And their judgment then on adult baptism? 'Who art thou that judgest another man's servant? To his own master he standeth or falleth V In the very remarkable chapter from which these words are taken, God has for all time given His Church the principle that ought to guide her in matters in which those who seek to follow the leading of the Word and Spirit differ as to duty. It is a most significant fact that while Paul knew that it was lawful to eat the meat by which some were offended, or to esteem every day alike, he did not interpose his authority, much less the authority of God, to tell the weak brother to give up his ignorant prejudice. Such a decision might have settled that question, but it would have left the Church a great loser; it could ill miss the teaching the chapter conveys, by which, as it is, she has profited all too little. That natural character and other circumstances may give rise to differences of view; that such diversities may at all times exist, which it is not the will of God to settle by any absolute rule; that, therefore, the judgment of the brother is not ours, but the Lord's; and that the exercise of humility and forbearance, for which the diversity calls, may be a far greater blessing than the uniformity which we think so desirable: these are lessons of the utmost importance, which have their applicability here too.

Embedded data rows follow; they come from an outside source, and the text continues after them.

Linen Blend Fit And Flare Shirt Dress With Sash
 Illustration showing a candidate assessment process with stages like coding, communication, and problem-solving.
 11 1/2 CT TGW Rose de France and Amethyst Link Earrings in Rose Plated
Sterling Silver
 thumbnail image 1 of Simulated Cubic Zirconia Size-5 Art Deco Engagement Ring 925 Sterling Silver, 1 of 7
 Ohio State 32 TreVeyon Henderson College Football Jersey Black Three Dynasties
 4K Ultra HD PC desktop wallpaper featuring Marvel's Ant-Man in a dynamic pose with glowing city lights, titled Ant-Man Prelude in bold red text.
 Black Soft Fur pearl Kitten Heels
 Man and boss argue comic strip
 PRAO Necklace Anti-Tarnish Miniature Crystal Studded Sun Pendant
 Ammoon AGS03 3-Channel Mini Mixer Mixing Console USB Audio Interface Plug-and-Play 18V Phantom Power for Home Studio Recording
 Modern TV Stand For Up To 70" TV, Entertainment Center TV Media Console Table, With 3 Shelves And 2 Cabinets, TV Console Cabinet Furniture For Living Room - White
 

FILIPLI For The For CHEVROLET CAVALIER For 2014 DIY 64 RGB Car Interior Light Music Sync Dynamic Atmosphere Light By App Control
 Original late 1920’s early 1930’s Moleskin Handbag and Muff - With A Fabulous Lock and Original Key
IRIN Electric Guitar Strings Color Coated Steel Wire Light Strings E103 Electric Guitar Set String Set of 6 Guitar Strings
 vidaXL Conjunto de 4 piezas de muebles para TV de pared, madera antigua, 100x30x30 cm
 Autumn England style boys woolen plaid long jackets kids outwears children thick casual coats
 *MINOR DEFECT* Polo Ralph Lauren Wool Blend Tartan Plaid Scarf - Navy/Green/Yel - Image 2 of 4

Our place on the earth is such that we can only see one-half of the starry heavens at a time. And so in the great sphere of Divine truth no mind is large enough to grasp the whole. Every truth in man's hands becomes one-sided. God's way of remedying this defect and its danger is to entrust one aspect of truth to one portion of His Church, while another holds the abuse of it in check by testifying for some different aspect. In this way the dependence of all on each other is to be maintained, and the triumph of love in the midst of difference to be made manifest. So with baptism. Infant baptism, with its discipling and baptizing the nations, has its danger. When the Church becomes lax, and the ministry is not faithful in teaching the word of faith, through which alone a sacrament is effective, infant baptism may come to be a form without power. And then adult baptism comes in as a needful protest, to plead for the spiritual character of the rite, and the absolute necessity of a living faith to make it acceptable with God.

But adult baptism, that is, man's teaching concerning it, has its danger too. In the individualism which cannot understand God's dealing with the family, on the groundwork of the covenant of grace, nor the power of a parent's faith, as according to God's will it embraces the child, nor the free mercy which when it takes a child into the covenant for the parent's sake can give it the seal of the covenant ere it has believed, it would utterly fail of gathering in the nations. And while it holds that it alone witnesses aright for the faith through which the sacrament can have its value, and a spiritual blessing be received, infant baptism claims that it is a still bolder witness for the power of faith, as it teaches, in accordance with all God's revelation, how a parent's faith can accept and keep the blessing for the child too.

I sincerely trust that the study of God's words and thoughts, concerning parents and children, will lead those who hold infant baptism to see the Divine ground on which it rests, its deep spiritual significance for them and their seed, and the need of a living faith, as that without which it may become but a lifeless form.